EXERCISE INSTRUCTIONS ::
Your answer should be an exact copy of the lines from the one holding "Apartamento NOVO, 100%" to the end of the material below, pictures left out.

INFORMATION PROVIDED ::
====

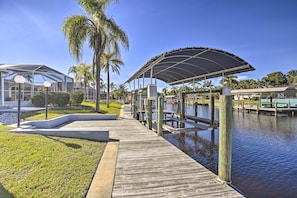 House Exterior | Dock Accommodates a 35-Foot Boat | Slip Not Available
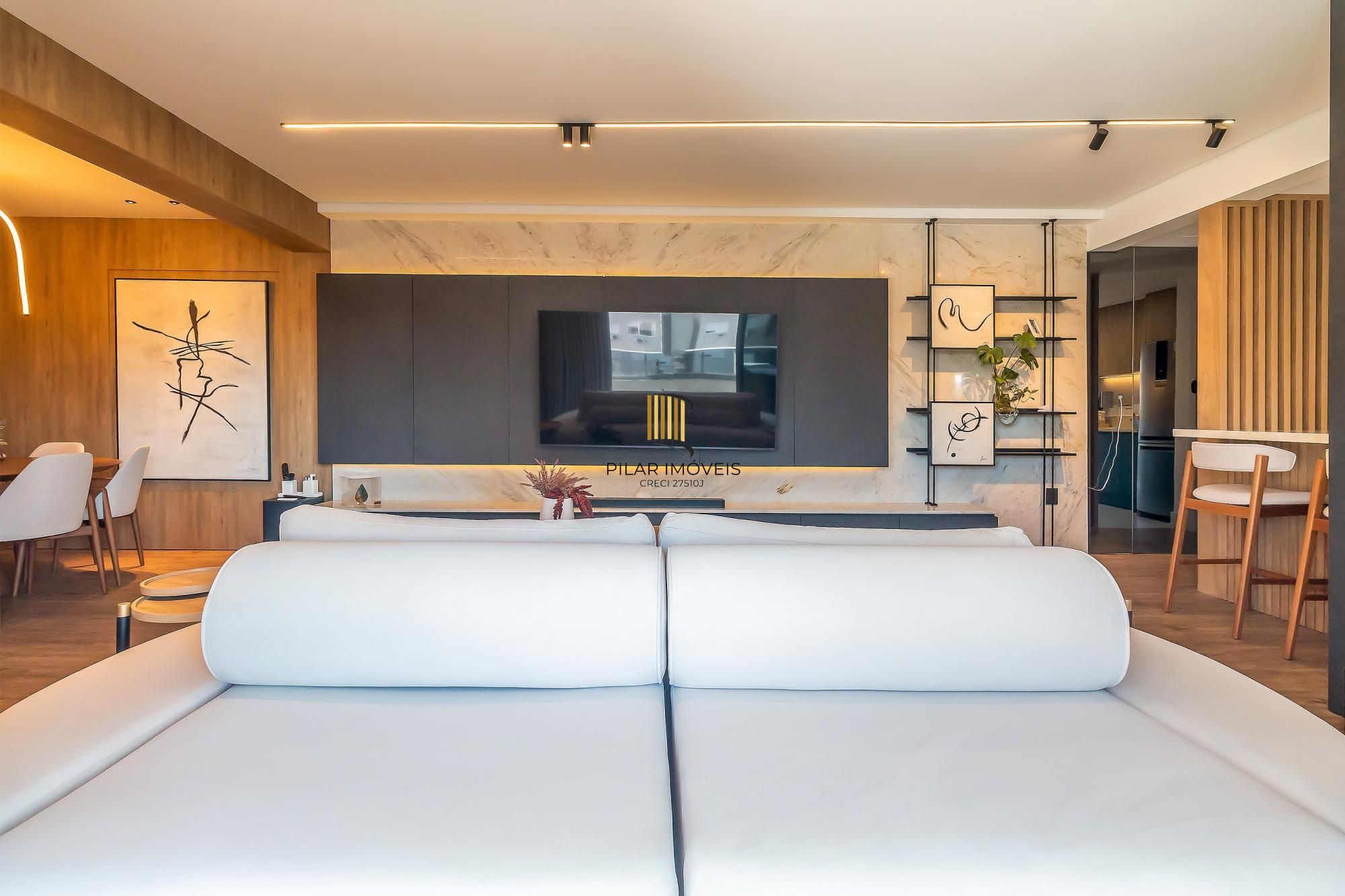 Apartamento NOVO, 100% mobiliado, com 149,84m² de área privativa, 3 suítes e 2 vagas de garagem.
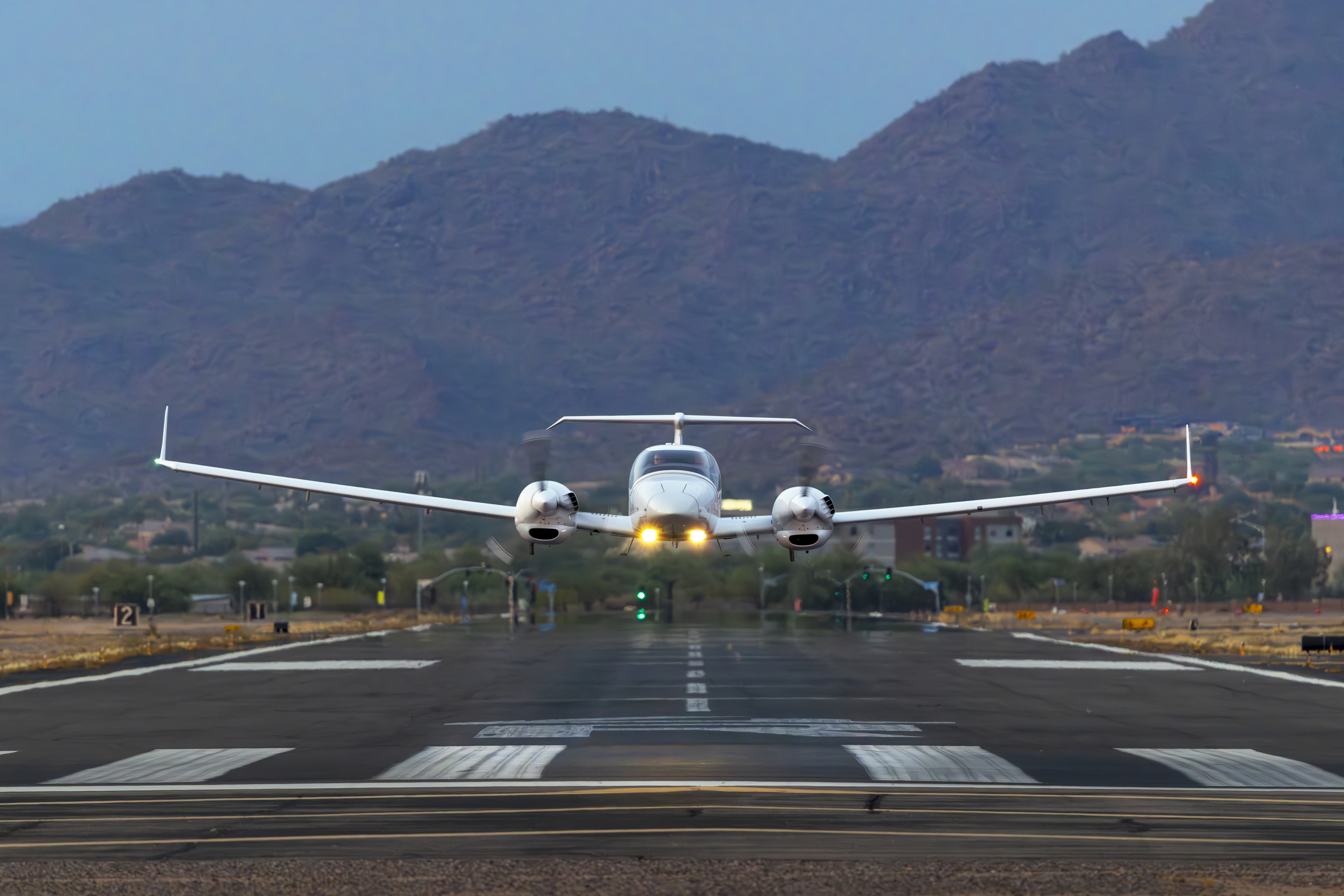 diamond DA42 training aircraft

====

RESULT FOR THIS TASK ::
 Apartamento NOVO, 100% mobiliado, com 149,84m² de área privativa, 3 suítes e 2 vagas de garagem.
 diamond DA42 training aircraft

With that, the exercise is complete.